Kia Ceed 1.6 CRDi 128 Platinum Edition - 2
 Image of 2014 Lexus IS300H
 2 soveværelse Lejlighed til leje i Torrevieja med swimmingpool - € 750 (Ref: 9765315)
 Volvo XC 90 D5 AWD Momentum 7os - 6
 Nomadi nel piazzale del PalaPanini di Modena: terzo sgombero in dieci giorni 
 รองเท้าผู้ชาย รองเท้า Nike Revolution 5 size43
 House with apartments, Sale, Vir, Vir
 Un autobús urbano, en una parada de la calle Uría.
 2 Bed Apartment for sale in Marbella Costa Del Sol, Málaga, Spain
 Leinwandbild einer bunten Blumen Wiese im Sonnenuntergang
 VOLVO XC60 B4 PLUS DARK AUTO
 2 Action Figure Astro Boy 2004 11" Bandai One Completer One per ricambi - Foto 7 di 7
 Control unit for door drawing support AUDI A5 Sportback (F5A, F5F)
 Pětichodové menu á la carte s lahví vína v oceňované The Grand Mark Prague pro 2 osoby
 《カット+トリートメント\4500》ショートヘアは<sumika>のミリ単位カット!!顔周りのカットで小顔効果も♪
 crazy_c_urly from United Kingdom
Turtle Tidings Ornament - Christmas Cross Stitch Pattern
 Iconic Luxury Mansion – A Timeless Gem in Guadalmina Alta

^^^^^^^^

**WORK INSTRUCTIONS:**
Give again, exactly and with nothing added, the lines running from the one that contains "Leinwandbild einer bunten" to the last line of the material.

**SOLUTION TO THIS EXERCISE:**
 Leinwandbild einer bunten Blumen Wiese im Sonnenuntergang
 VOLVO XC60 B4 PLUS DARK AUTO
 2 Action Figure Astro Boy 2004 11" Bandai One Completer One per ricambi - Foto 7 di 7
 Control unit for door drawing support AUDI A5 Sportback (F5A, F5F)
 Pětichodové menu á la carte s lahví vína v oceňované The Grand Mark Prague pro 2 osoby
 《カット+トリートメント\4500》ショートヘアは<sumika>のミリ単位カット!!顔周りのカットで小顔効果も♪
 crazy_c_urly from United Kingdom
Turtle Tidings Ornament - Christmas Cross Stitch Pattern
 Iconic Luxury Mansion – A Timeless Gem in Guadalmina Alta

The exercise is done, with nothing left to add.